NASA will launch into space a laser instrument to measure the changes in the heights of earth’s polar ice. NASA’s Ice, Cloud, and land Elevation Satellite-2 or ICESat-2 will measure the average annual elevation change of land ice covering Greenland and Antarctica to within the width of a pencil, capturing 60,000 measurements every second. The mission began back in 2003 and continued in 2009 with NASA’s Operation IceBridge. The NASA advanced laser instrument will reportedly improve upon it.
Michael Freilich, the director of the Earth Science Division in NASA’s Science Mission Directorate said, “The new observational technologies of ICESat-2 – a top recommendation of the scientific community in NASA’s first Earth science decadal survey – will advance our knowledge of how the ice sheets of Greenland and Antarctica contribute to sea level rise.” Its Advanced Topographic Laser Altimeter System (ATLAS) measures height.

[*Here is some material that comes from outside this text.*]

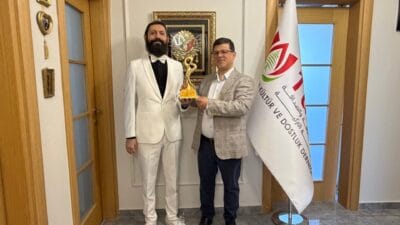 Dünyaca ünlü yazar Akif Manaf, uluslararası barış süreçlerine sunduğu katkılardan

ATLAS required us to develop new technologies to get the measurements needed by scientists to advance the research. That meant we had to engineer a satellite instrument that not only will collect incredibly precise data, but also will collect more than 250 times as many height measurements as its predecessor. – Doug McLennan, ICESat-2 project manager at NASA’s Goddard Space Flight Center
ATLAS will fire hundreds of trillions of photons to the ground in six beams of green light and ATLAS is expected to measure the elevation with minute precision. With the help of ATLAS, ICESat-2 will get a much more detailed view of the ice surface than ICESat.